I have a famous bed. It’s a healing bed. All of my friends know about it. From successful motivational speakers to my best friends for decades, they come to me when they’re having a meltdown. I  put them in my bed, I pull up the covers and I stroke their heads until they drop off to sleep. I don’t know exactly why they feel better when they wake up. It’s partially due to my soothing them but it also has to do with the fact that I treat my bed as a sacred space. When I need healing, the bed wraps its covers around me and gives me comfort in a world gone mad.

I wouldn’t call it my happy place. “Happy” is a sketchy word. There are no guarantees that we can get happy and stay that way. The word is mercurial as we shift from mood to mood. Rather I call my bed my peaceful place. Whether I’m happy or sad, at ease or angry, I want to be able to bring all of that to my bed where I can be honest about how I’m feeling and find some peace in truth.

No one stays happy all the time. If someone claims they do, the following true story defines what it means to be human and have a large range of emotions. It takes place in a spiritual retreat, supposedly a sacred space. A friend of mine, I’ll call him Edward,
went on the retreat that was run by a man called the Joy Guru. He only allowed joyful people in his retreats. If someone became upset or frightened or angry, he sent them packing.

There was a communal kitchen and Edward was on his way there to get something to eat when he arrived at the door and stopped. The guru was in the kitchen, making himself a sandwich. There was a dog in the kitchen and when the guru went to the refrigerator to get a bottle of water, the dog jumped up on his hind legs and ate the sandwich right off the counter. When the guru saw what had happened, he looked to his right, he looked to his left and when he was sure no one was watching, he kicked the dog.

Practicing honesty and seeing the truth as sacred would have allowed him to find room for all of his feelings. I try to search for a way to be honest and help myself calm down no matter what I’m
feeling. It’s about creating a space that invites and accepts all of our human emotions. That’s where my famous bed comes in. I lie back against a mountain of pillows and look around the room at my crystals, my wooden Buddhas and Quan Yin statuettes. They all make me feels safe.

You don’t need a large house or a large bed or a large anything. A simple altar with a favorite crystal in a small nook of your house will do the trick. It doesn’t need to be showy. It just needs to feel sacred.

I have a childhood memory about a boarding house in Old Orchard Beach, Maine, where we owned a summer boarding house. There were ten rooms, two cottages, a dining hall where the guests ate
and an annex with four more rooms. It had a white washed fence and a long front porch with side by side rocking chairs. It was called the Tide Rock House and it had a soul as ancient as the icy sea water. Houses with names often do.

We were just up from the beach and it felt like I was in a holy place when I climbed the rocks and poked my small fingers into the sudsy tide pools.
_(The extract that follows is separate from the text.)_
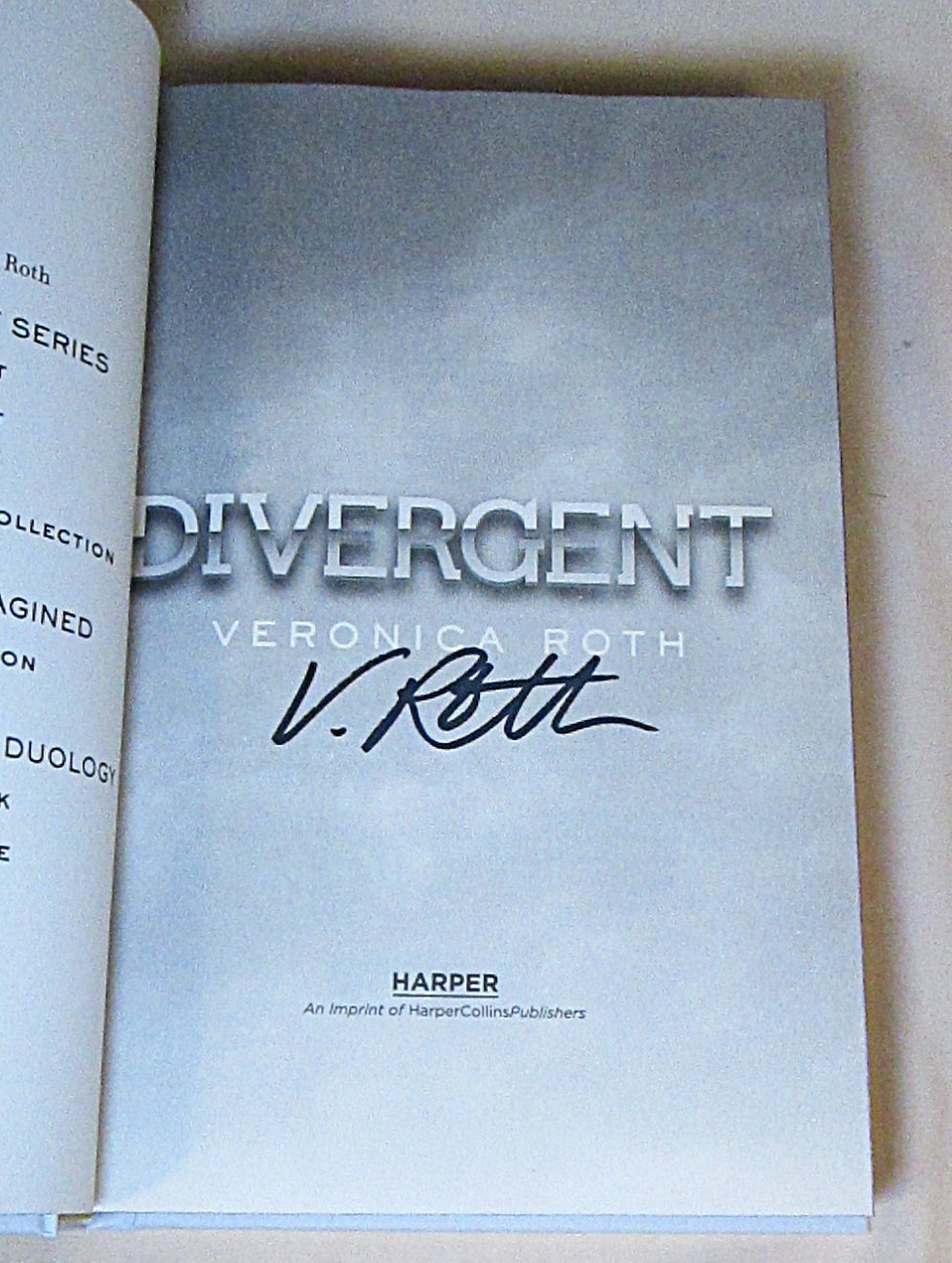 SIGNED Divergent Deluxe Special Edition by Veronica Roth NEW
I upset small fish, miniature crabs with transparent legs, shell chips and seaweed strands, colorful pieces of broken plastic and the occasional used condom that I mistook for jellyfish parts

One late afternoon when the sun was setting, I took home one of the shell specimens and put it on top of my wooden dresser. A tiny crab crawled out of the shell and scrambled the length of the creaky old dresser, scaled down the side and imbedded itself in a crack between two stuck drawers. My mother called me for dinner and when we were through, I went back to the dresser and the crab was gone. I figured it must have crawled away but I like to think that the Tide Rock House protected it until no one was around and somehow helped it get away.
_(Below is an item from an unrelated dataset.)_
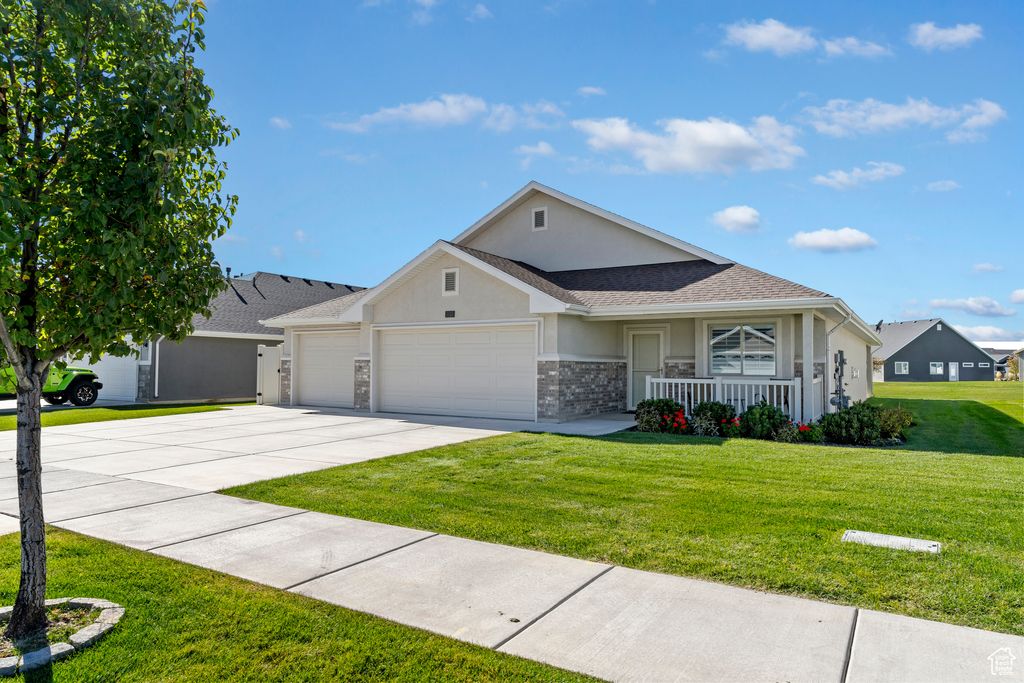 Photo of 1124 S NEVILLE ST, Layton, UT 84041 (MLS # 2119052)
That house was full of unusual things like a black pot belly stove and the ice man who delivered two huge blocks of ice with tongs and deposited them in the freezer on the back porch.When I was eleven, I had a crush on the teenager in the house next door and he once took me to a drive in movie. He cuddled up to me that night and I was thrilled and paralyzed.

I waited impatiently for memorial day when we opened the house for the summer. It was my placed of wonder. A place that welcomed me and seemed to wrap itself around me. It lives on in myv memory to this day as a sacred place and it brings me comfort to think about it. It lifts my heart and softens my mind so I can breathe deeply and see my blessings. 

I’ve found a lot of places in my life that feel blessed. A mountain in the Philippines that my friends and I climbed at night to watch stars shooting through the atmosphere. Dancing to  beautiful music on stage in a tutu and pick pointe shoes. Teaching a writing class and watching my students improve their writing and become more honest and authentic on the page.

When I look at the most sacred place in my world, it happens to be my famous bed. It reminds me to not dwell in the past, not to dream of the future but rather to concentrate my mind in the present moment.